Tiganj Zoran, Gershman Samuel J, Sederberg Per B, Howard Marc W
Center for Memory and Brain, Department of Psychological and Brain Sciences, Boston, MA 02215, U.S.A.
Department of Psychology and Center for Brain Science, Harvard University, Cambridge, MA 02138, U.S.A.
Neural Comput. 2019 Apr;31(4):681-709. doi: 10.1162/neco_a_01171. Epub 2019 Feb 14.

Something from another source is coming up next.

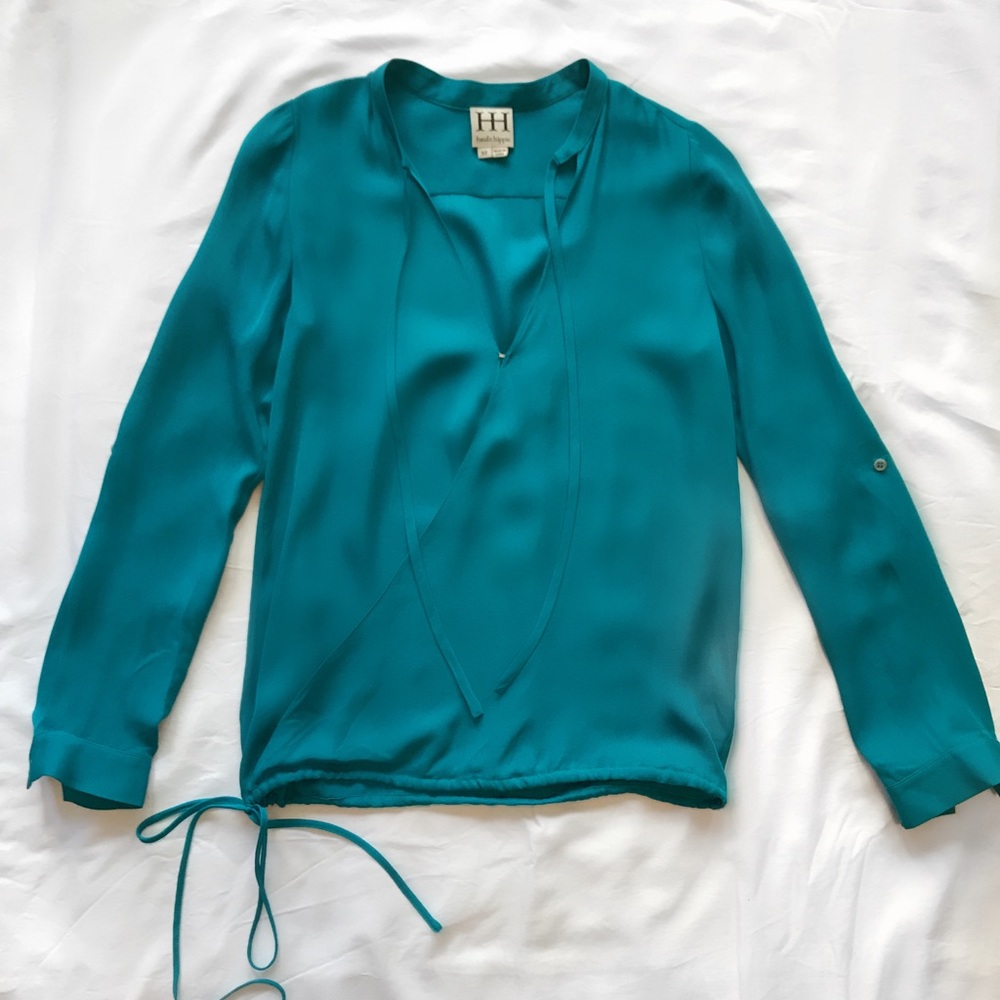 Teal long-sleeve blouse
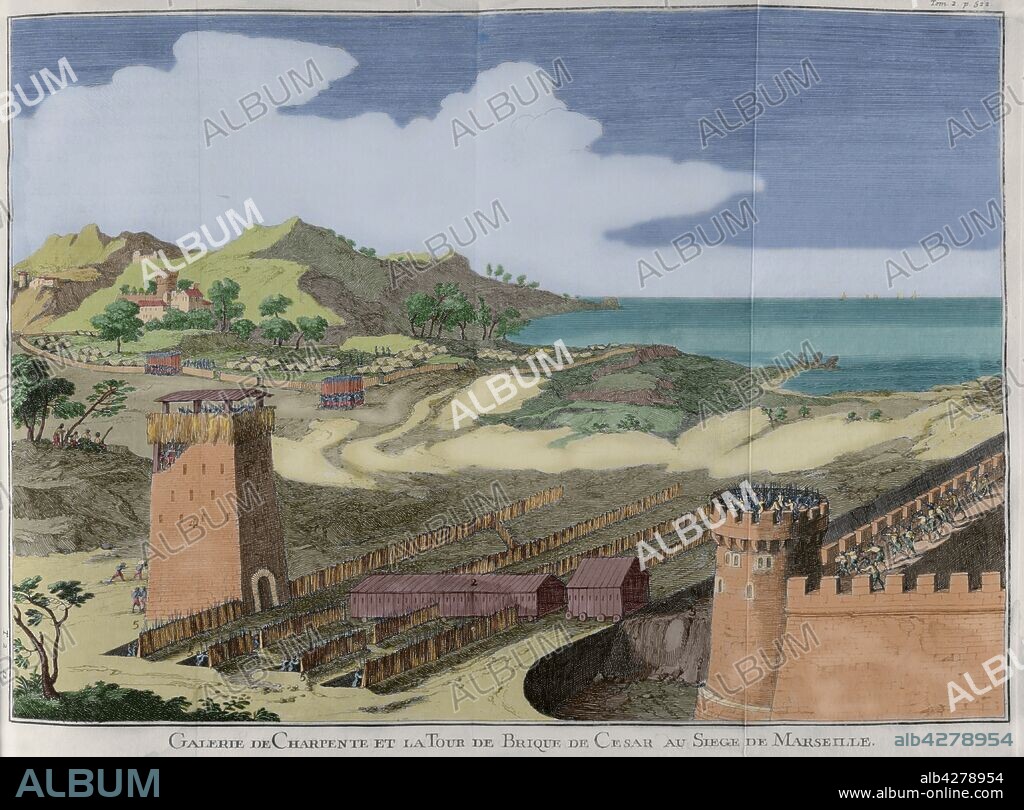 II Guerra Civil de la República Romana,49 A. C-45 A. C. Enfrentamiento entre Pompeyo el Grande y Julio Cesar. La ciudad de Marsella fué sitiada y asediada por las legiones cesarianas por dar apoyo a Pompeyo. La ciudad se rindió. Grabado del sitio de Marsella por Julio Cesar, año 49 A. C. Coloreado. Historia de Polibio. Tomo II. Edición francesa traducida del griego por Dom Vincent Thuillier. Comentarios o textos de ciencia militar enriquecidos con notas críticas e históricas por M. de Folard. París, chez Pierre Gandouin, Julien-Michel Gandouin, Pierre-François Giffart y Nicolas-Pierre Armand,1727. Imprenta de Jean-Baptiste Lamesle.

Natural learners must compute an estimate of future outcomes that follow from a stimulus in continuous time. Widely used reinforcement learning algorithms discretize continuous time and estimate either transition functions from one step to the next (model-based algorithms) or a scalar value of exponentially discounted future reward using the Bellman equation (model-free algorithms). An important drawback of model-based algorithms is that computational cost grows linearly with the amount of time to be simulated. An important drawback of model-free algorithms is the need to select a timescale required for exponential discounting. We present a computational mechanism, developed based on work in psychology and neuroscience, for computing a scale-invariant timeline of future outcomes. This mechanism efficiently computes an estimate of inputs as a function of future time on a logarithmically compressed scale and can be used to generate a scale-invariant power-law-discounted estimate of expected future reward. The representation of future time retains information about what will happen when. The entire timeline can be constructed in a single parallel operation that generates concrete behavioral and neural predictions. This computational mechanism could be incorporated into future reinforcement learning algorithms.
自然学习者必须在连续时间内计算由刺激所导致的未来结果的估计值。广泛使用的强化学习算法将连续时间离散化,并估计从一个步骤到下一个步骤的转移函数(基于模型的算法),或者使用贝尔曼方程估计指数贴现未来奖励的标量值(无模型算法)。基于模型的算法的一个重要缺点是计算成本会随着要模拟的时间量呈线性增长。无模型算法的一个重要缺点是需要选择指数贴现所需的时间尺度。我们基于心理学和神经科学的研究成果提出了一种计算机制,用于计算未来结果的尺度不变时间线。这种机制能够在对数压缩尺度上高效地计算作为未来时间函数的输入估计值,并且可用于生成预期未来奖励的尺度不变幂律贴现估计值。未来时间的表示保留了关于何时会发生何事的信息。整个时间线可以通过一次并行操作构建出来,从而产生具体的行为和神经预测。这种计算机制可以被纳入未来的强化学习算法中。